Edges are accessed in a slightly different way.  Edges have names that are the start and end nodes.  For example, “(node67-node76).color = red” changes the edge between person 67 and 76 to red. You can also access edges by query.  As mentioned earlier, edge in this case have an attribute called freq (frequency).  So if we wanted to hide edges where the communication frequency was under 100 we would type: “(freq < 100).visible = 0”  The ‘-‘ also implies directionality.  If the database indicated directions (which this one doesn’t) you could talk about: node67->node76, node67<-node76, or node67<->node76, node67?node76[1].

 

The last mechanism for accessing edges is by defining node sets.  Let’s say we only care about communications between dept 4 and 9. 

  1. Let’s hide everything: “g.nodes.visible = 0”
  2. Then show only the nodes in departments 4 or 9: “((dept == ‘dept4’) | (dept == ‘dept9’)).visible = 1”
  3. Finally, we can change the color for inter-departmental edges by typing: “((dept == ‘dept4’)-(dept ==’dept9’)).color = red”  This command tells the GUESS to find all nodes in dept 4 and all nodes in department 9 and then will find all edges between them (in this case only one). 
  4. We can also do “((dept == ‘dept9’)-(dept == ‘dept9’)).color = blue” to just get intra-departmental links blue.  You should see something like Figure 2.

 

Because we are using a real language like Python in the background we could have made things much simpler by declaring some intermediate variables.  For example, the following commands would have led to the same results:

 

g.nodes.visible = 0

dept4 = (dept == ‘dept4’)

dept9 = (dept == ‘dept9’)

(dept4,dept9).visible = 1

(dept4-dept9).color = red

(dept9-dept9).color = blue

 

 

The GUESS system also contains a number of analysis modules to simply basic tasks (calculating graph metrics, etc.)  These are described in much more detail elsewhere, but just to give you a flavor try this… First, reset the graph to its starting state.  Type: ‘g.nodes.visible = 1’.  Then type: ‘g.edges.color = green’ and finally ‘g.nodes.color = blue’ (you should see the same thing as what we started with).  Type “density” This should calculate the density of the graph (.00827…).

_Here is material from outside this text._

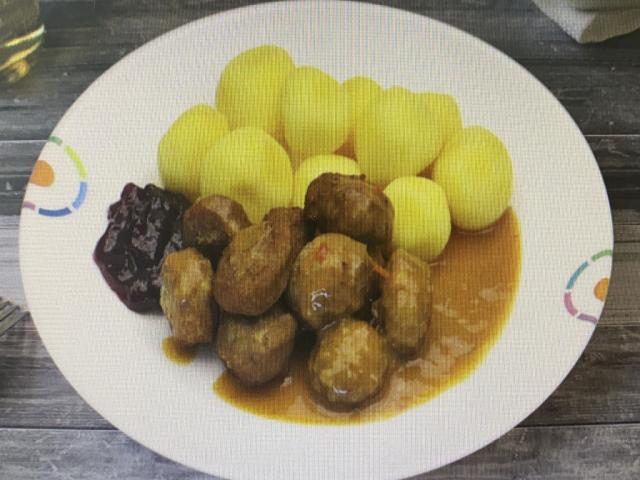 Köttbullar mit Rahmsauce, Preiselbeeren und Salzkartoffeln by sn | Uploaded by: snooze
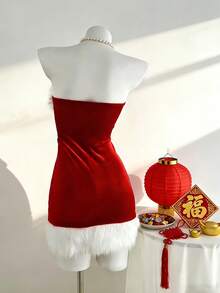 Elamini 1 pezzo Abito mini attillato senza spalline con decorazione fibbia metallica, adatto per Natale, Capodanno, esibizioni, cosplay, abbigliamento sexy da club - Rosso e Bianco - Visualizzare 2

Other analysis modules do more interesting things.  For example, colorize will color nodes and edges by different features.  Try typing “colorize(dept)”  Each node will now be a different (random) color.  The colorize function will also generate a bunch of subgraphs.  Then try “colorize(freq,blue,red)” which will assign a color over a linear range (from blue to red) based on the frequency of communications.

 

Ok, let’s try something a little more interesting:

·         Lets reset everything…

g.nodes.visible = 1

g.nodes.color = blue

g.edges.color = green

·         For every department we can assign a random color

colorize(dept)

·         Lets say we want to create a legend so we can tell which color goes with each department.  First thing is to get GUESS to group nodes by department for us

deptg = groupBy(dept)

·         The variable deptg is a set of sets where each internal set is a department name.  So lets create a legend for ourselves

xy = Legend()

·         What you’ll now see is a blank legend screen.  We’re going to populate the legend with the first element in each of deptg’s subsets.

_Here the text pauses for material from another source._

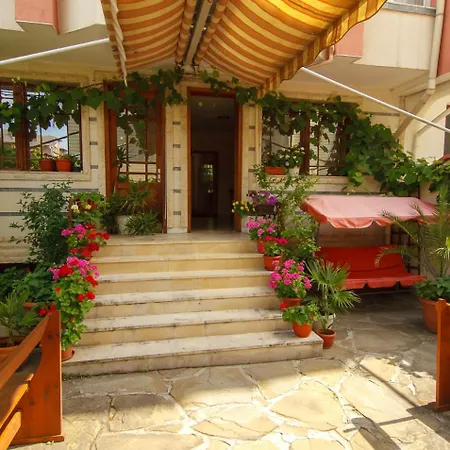 Guest house Къща За Гости Диамант 3*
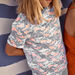 T-shirt bleu à imprimé requins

for d in deptg: xy.add(d[0],d[0].dept)

 

The last line translates to: iterate over all subsets in deptg, setting each one in turn to the variable d and then running the add(..) command on the legend.  The add command takes a “prototype” node as input and a text string to put next to the prototype.  So we’ll take the first node from each group (i.e. a sample node from the department) and add it to the legend along with that node’s department name.  You’ll hopefully see something like Figure 3 at this point.  This is fairly standard Python syntax but you can get some great refresher materials on the web (see Additional Information section).


4. Getting Your Data In

 

In GUESS we are actively working to disentangle the frontend visualization from the backend data.  However, for now we are still using the HSQLDB database to persistently store and access to this data.  The database data can be persistent or in memory (for use in applets or if you just want to do some quick experiments).

 

There are three ways to add data into the database.  The first is to apply node and edge creation commands inside the GUESS interface.  These nodes will automatically get pushed into the database.  The second is a limited, but fairly functional graphml loader (see notes in section 3.2).  The final, and perhaps best way, to get your data in is to create a guess data file.

 

When you ran GUESS in the tutorial you may have noticed the set of questions in the beginng that walked you through loading the file/databases.  The first menu lets you load up an existing (persistent) database or pick a file to load.  This file can either by in GUESS format or GraphML (GraphML files must have the file type .xml or .graphml).  If you select the “Load New” you will select the file that contains your data.  You will then be asked if you want this new file to be persistent or in memory.  Selecting “in memory” will load the data into a memory resident database which will be vanish once you quit GUESS.  If you select “persistent” you will be instructed to pick a directory for your database files and then a name for the database (there end up being a few files that make the database persistent so you may want to create a “database” directory if you don’t like your directories to be littered with files).

4.1 The GUESS .gdf format

The file structure for the .gdf files is very simple.  We will basically define the nodes with their properties followed by the edges with theirs.

 

The node definition section starts with the line: “nodedef> name”

 

The nodedef line will tell GUESS what the format is of the following lines that actually describe nodes.  In the simple case we are just going to have one column on each line, the node name.  Nodes are required to have unique names (identifiers).  You will want to avoid using anything that is not a valid Python variable name here if you want to access the nodes by this name.  When GUESS starts up, it will automatically create variables for you for each node.  So if you have a node called foobarbaz, you’ll be able to talk about foobarbaz.color.

 

The simplest file looks something like this:

 

nodedef> name

foobar

 

which tells GUESS that we want a node called foobar.  All other aspects of the node (color, visibility, style) will be extracted from defaults.  After name (the only required column), you may use pre-defined columns and new columns to set and control extra node properties.  Pre-defined columns are:

·         x – a double representing the node’s x location (default: random)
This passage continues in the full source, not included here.